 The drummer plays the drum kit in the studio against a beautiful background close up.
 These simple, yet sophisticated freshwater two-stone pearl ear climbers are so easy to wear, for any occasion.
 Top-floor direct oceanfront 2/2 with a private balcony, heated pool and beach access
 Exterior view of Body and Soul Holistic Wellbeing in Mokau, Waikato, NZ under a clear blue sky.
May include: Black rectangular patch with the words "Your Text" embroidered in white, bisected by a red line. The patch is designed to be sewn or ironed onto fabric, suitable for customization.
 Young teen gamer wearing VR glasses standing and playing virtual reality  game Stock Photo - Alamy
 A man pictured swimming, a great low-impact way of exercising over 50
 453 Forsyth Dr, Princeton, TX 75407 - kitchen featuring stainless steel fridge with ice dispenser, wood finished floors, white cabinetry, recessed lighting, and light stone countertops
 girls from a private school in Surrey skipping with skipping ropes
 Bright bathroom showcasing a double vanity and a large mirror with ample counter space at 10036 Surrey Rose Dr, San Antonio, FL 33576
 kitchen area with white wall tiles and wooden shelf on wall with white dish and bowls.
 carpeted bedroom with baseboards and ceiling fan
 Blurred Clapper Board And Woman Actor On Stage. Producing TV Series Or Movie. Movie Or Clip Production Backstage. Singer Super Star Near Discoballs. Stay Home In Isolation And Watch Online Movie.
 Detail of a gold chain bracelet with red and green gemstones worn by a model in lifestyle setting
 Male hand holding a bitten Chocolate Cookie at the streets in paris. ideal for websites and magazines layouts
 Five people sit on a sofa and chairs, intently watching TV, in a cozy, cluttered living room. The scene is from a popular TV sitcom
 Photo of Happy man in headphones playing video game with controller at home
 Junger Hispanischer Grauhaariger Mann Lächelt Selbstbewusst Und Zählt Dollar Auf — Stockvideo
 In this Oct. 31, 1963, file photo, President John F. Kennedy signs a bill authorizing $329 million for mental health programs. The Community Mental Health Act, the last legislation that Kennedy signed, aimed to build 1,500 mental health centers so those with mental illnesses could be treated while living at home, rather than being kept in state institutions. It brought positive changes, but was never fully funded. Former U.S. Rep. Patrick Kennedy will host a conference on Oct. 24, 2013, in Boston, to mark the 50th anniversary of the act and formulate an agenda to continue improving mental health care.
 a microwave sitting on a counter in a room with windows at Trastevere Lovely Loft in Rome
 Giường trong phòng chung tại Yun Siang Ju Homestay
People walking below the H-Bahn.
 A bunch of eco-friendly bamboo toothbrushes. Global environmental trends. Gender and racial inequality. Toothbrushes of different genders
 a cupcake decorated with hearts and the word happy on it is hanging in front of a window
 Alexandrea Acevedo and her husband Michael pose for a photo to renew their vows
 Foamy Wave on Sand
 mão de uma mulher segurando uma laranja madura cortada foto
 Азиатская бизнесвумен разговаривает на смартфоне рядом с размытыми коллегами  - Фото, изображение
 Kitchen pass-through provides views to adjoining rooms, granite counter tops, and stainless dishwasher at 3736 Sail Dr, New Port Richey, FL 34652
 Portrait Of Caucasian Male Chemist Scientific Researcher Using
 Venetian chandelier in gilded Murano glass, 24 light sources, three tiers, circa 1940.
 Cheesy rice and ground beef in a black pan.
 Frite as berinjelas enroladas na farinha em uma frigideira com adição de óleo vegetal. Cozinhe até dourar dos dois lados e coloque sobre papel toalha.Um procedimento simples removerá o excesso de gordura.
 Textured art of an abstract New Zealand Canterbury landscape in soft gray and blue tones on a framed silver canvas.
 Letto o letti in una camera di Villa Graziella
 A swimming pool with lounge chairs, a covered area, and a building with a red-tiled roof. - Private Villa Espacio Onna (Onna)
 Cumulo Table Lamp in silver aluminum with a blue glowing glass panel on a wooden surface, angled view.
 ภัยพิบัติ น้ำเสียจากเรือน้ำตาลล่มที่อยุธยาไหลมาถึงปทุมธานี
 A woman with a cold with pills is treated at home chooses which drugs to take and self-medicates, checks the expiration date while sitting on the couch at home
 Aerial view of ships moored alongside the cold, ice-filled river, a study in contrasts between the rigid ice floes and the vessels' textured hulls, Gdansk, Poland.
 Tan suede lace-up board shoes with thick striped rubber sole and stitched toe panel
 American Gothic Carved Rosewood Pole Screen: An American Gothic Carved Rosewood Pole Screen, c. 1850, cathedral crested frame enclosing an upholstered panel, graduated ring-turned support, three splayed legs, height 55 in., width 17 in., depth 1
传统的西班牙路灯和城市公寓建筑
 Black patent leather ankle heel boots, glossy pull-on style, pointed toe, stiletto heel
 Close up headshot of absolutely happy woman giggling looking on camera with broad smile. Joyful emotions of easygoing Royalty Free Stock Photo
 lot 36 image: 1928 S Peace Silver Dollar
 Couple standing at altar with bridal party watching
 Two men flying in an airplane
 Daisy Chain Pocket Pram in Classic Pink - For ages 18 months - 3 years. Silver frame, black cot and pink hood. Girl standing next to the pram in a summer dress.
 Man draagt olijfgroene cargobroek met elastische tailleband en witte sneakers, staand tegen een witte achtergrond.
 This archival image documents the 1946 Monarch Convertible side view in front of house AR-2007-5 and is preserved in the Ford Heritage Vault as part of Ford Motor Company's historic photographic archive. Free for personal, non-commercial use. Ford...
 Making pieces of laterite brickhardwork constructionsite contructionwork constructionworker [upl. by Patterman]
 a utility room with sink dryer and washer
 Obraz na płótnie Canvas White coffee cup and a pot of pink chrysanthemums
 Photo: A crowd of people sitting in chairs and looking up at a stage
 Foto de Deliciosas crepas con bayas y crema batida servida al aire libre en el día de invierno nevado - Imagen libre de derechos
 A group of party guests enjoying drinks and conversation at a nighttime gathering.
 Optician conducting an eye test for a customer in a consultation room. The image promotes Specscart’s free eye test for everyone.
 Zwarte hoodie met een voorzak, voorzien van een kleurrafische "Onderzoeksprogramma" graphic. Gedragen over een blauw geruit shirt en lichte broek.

▶ PROBLEM TO SOLVE
Output the material above exactly, but only from the line that carries "Junger Hispanischer Grauhaariger" through the line that carries "Foamy Wave on Sand".

▶ EXPECTED ANSWER
 Junger Hispanischer Grauhaariger Mann Lächelt Selbstbewusst Und Zählt Dollar Auf — Stockvideo
 In this Oct. 31, 1963, file photo, President John F. Kennedy signs a bill authorizing $329 million for mental health programs. The Community Mental Health Act, the last legislation that Kennedy signed, aimed to build 1,500 mental health centers so those with mental illnesses could be treated while living at home, rather than being kept in state institutions. It brought positive changes, but was never fully funded. Former U.S. Rep. Patrick Kennedy will host a conference on Oct. 24, 2013, in Boston, to mark the 50th anniversary of the act and formulate an agenda to continue improving mental health care.
 a microwave sitting on a counter in a room with windows at Trastevere Lovely Loft in Rome
 Giường trong phòng chung tại Yun Siang Ju Homestay
People walking below the H-Bahn.
 A bunch of eco-friendly bamboo toothbrushes. Global environmental trends. Gender and racial inequality. Toothbrushes of different genders
 a cupcake decorated with hearts and the word happy on it is hanging in front of a window
 Alexandrea Acevedo and her husband Michael pose for a photo to renew their vows
 Foamy Wave on Sand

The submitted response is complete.